◆ Data shown ◆

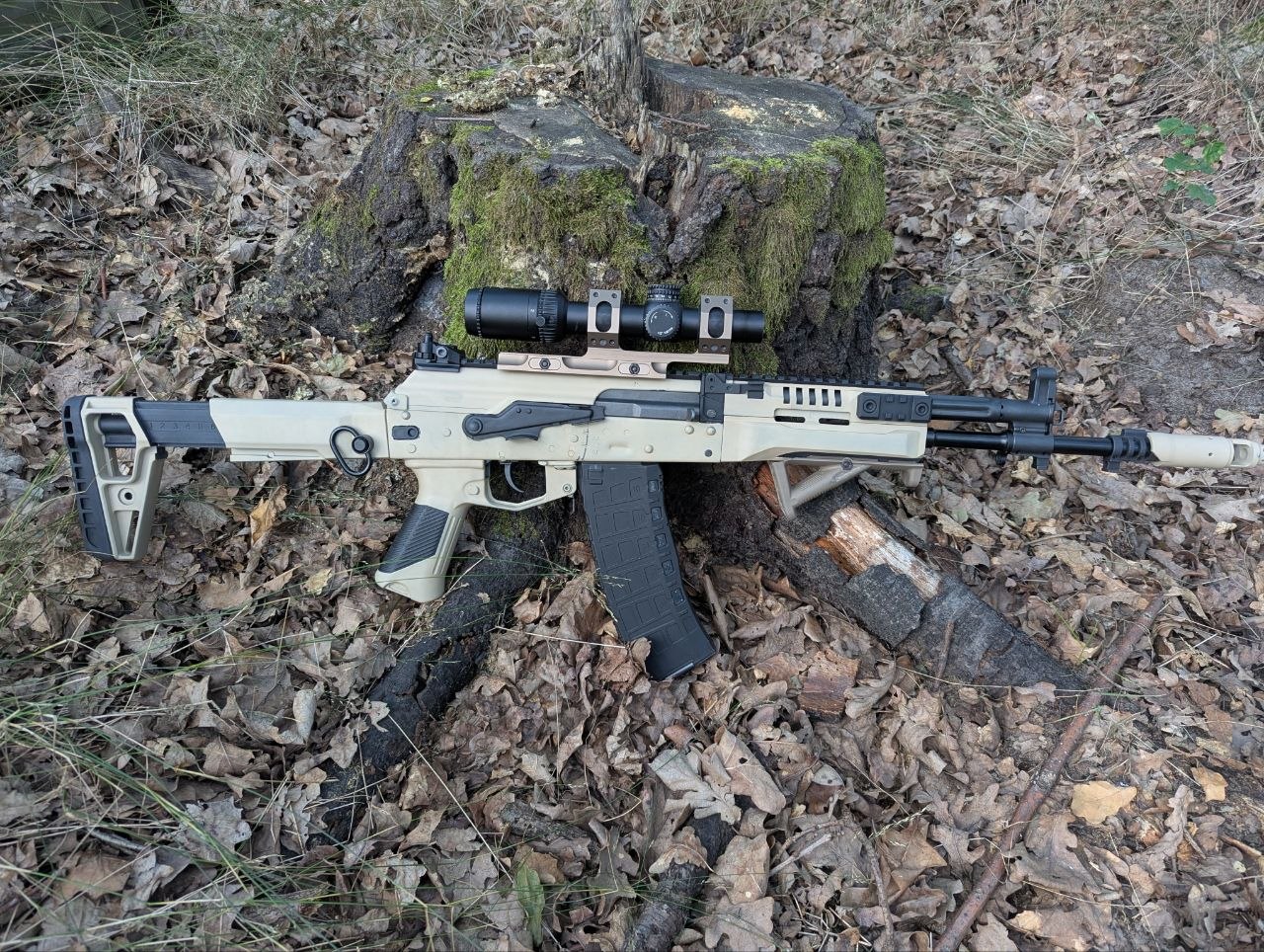 Arcturus AK12 Updated AEG FE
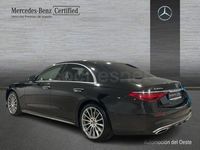 Usado Mercedes S350 286 CV (210 kW) 2022 Negro Berlina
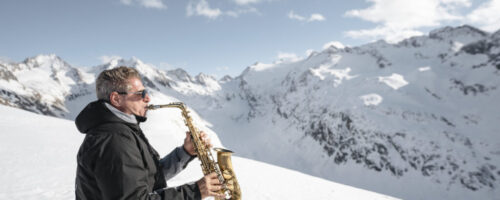 DIAMOND BEATS in Gurgl © Ötztal Tourismus – Tobias Siegele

◆ What you need to do ◆
Give the material above again exactly as it stands, minus any images.

◆ Solution to this task ◆
 Arcturus AK12 Updated AEG FE
 Usado Mercedes S350 286 CV (210 kW) 2022 Negro Berlina
 DIAMOND BEATS in Gurgl © Ötztal Tourismus – Tobias Siegele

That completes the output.